Swirling hisses churn around her cast-iron parts as she hauls the clanking and squealing cars behind her. Pillows of steam, acidic smells and a fire heating 5,000 gallons of water all speak to her existence. It's her language, said Mark Liggins.
“It is like she's talking to you,” the train enthusiast said. “That is what really makes it worthwhile.”
Liggins has been around trains all his life. His family's history runs parallel to that of the railway. In Edmonton, Liggins's father worked in the CN Rail shops. His grandfather was an engineer and fire man on steam engines, reading the colour of the plumes and gauging whether the roaring flames needed to be stoked or left alone.
Liggins first sat behind the controls of the Royal Hudson locomotive #2860 during Expo '86. It wasn't a big move. He shifted the engine a few hundred yards at the steam exhibit. But it was enough to get him hooked.
Before the Hudson, Liggins's experience in operating locomotives was limited to miniatures, such as the tiny train that loops around his backyard. Although vastly different in size, operating a miniature steam engine and the real deal is relatively the same, Liggins said. The larger version is just that much more exhilarating. The experience heightens one's senses — sound, sight, smell — as the engine's parts pump and turn as though they're enchanted.
“It's a symphony of motion.”
It's a symphony that came very close to an end for the Royal Hudson #2860. Before she called the West Coast Railway Heritage Park home, and previous to a provincial tourist initiative that saw her pull a million passengers from North Vancouver to Squamish, she was all but forgotten.
Among the final five Hudsons built for the Canadian Pacific Railway (CPR) in June 1940, #2860 spent most of her career on the CPR mainline between Revelstoke and Vancouver. She was the oil-burning sibling of the original coal-burning Hudson class built in 1929 by the Montreal Locomotive Works.
The engines' title were handed to them by the New York Central Railroad, the company that first used the four-six-four wheel arrangement and christened them after Hudson River. In 1939, they became the first and only locomotives outside of Great Britain to earn the “royal” designation. King George VI and Queen Elizabeth were hauled from coast to coast by the Hudson #2850 on their first visit to Canada. It was an impressive feat. For maintenance reasons, during that era it was common practice to change engines several times during long trips.
But by 1958, the Hudson was outdated. Steam engines were quickly being replaced by modern diesels, as fuel prices and the mechanical bills relegated them to the status of dinosaurs, said Don Evans, president of the West Coast Railway Association. The Hudson needed many times the crew complement to keep her going than did a diesel engine, he noted.
With her costs too high, the Royal Hudson #2860 was assigned to the scrap line, joining approximately 1,000 other steam engines. There she waited for half a decade for her body to be cut up, melted and repurposed into another product. But fate had a different plan for the engine. In 1961, locomotive #2860 was rediscovered by a Vancouver-based group of railway enthusiasts who toured the banished trains.

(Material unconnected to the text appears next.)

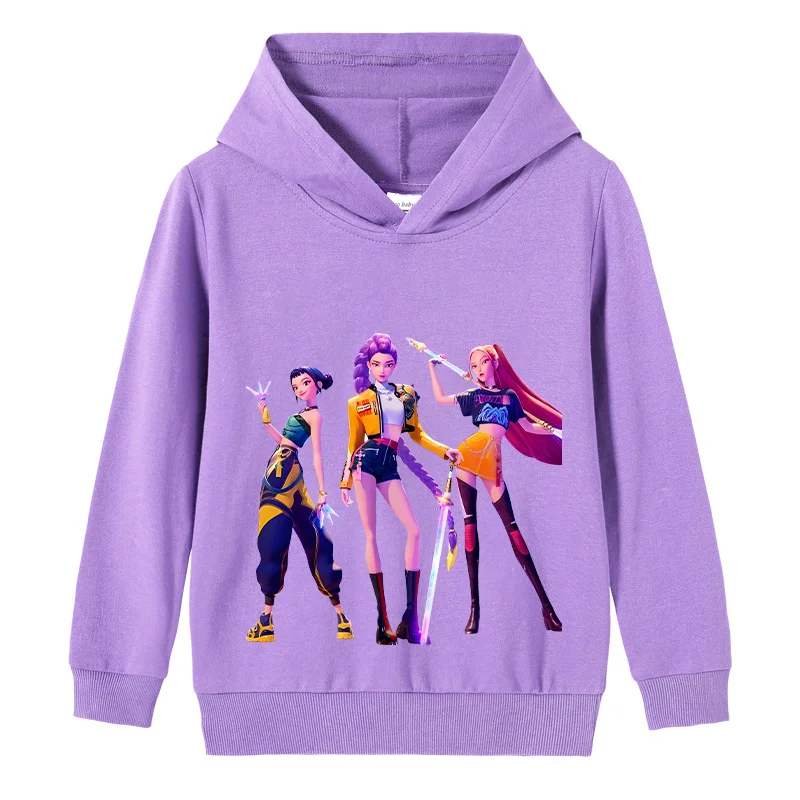 Demons Hunter Hoodies Kids Clothing Autumn Tracksuit Hood Sportswear Long Sleeve Kpop Pullover Girls Thin Hooded Sweatshirt Gift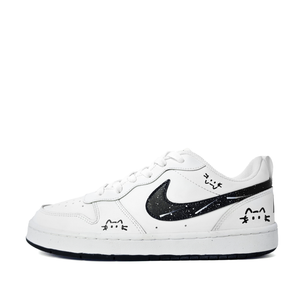 Nike Кроссовки Court Borough Falling Shooting Stars Meow из синтетической кожи, устойчивые к истиранию, дышащие, низкие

“They were pretty surprised,” Evans said.
The train was brought back to Vancouver and housed at the Canadian Pacific Railway's Vancouver roundhouse. In the 1970s, backed by then B.C. Premier Dave Barrett, the Hudson #2860 was put into service transporting tourists from North Vancouver to Squamish. Provincial reports estimate the Hudson pumped $300 million into the economy.
Her fire was once again subbed out in 1999, when the steam engine failed inspection. Three years later, the government of the day decided the required fixes had to wait. That's when Squamish stepped in, Evans said. Working together, the West Coast Railway Association and the District of Squamish rallied for the train to call Squamish home. It belonged here, said Corinne Lonsdale, who was mayor at the time.
“It was just a piece of Squamish history,” she said.
Lonsdale, Evans and then-councillor Wendy Magee headed to Victoria to acquire the Hudson for the heritage park. It took some doing, Lonsdale recalled, at least a good part of a year. But by May 2002, they had their wish.
“The railroad is our heritage in this community,” she said.
Today, the Hudson faces another hurdle. Although the boiler only has 300 hours on it, every five years the provincial government mandates a full boiler inspection and recertification. This requires it to be disassembled, tested, checked and re-assembled — a process that will cost more than $100,0000.
“That's were the issue lies,” Evans said.
Currently, the park has its hands full, he noted. It's dealing with raising funds to repair damage done from a rash of copper thefts at the park last summer. By next year, Evans said the focus will shift to the Hudson and hopefully, with a bit of elbow grease and cash, the old gal will be steaming again.
“When you see the Hudson going, all its parts in motion, it looks and sounds like it is alive and breathing,” Evans said.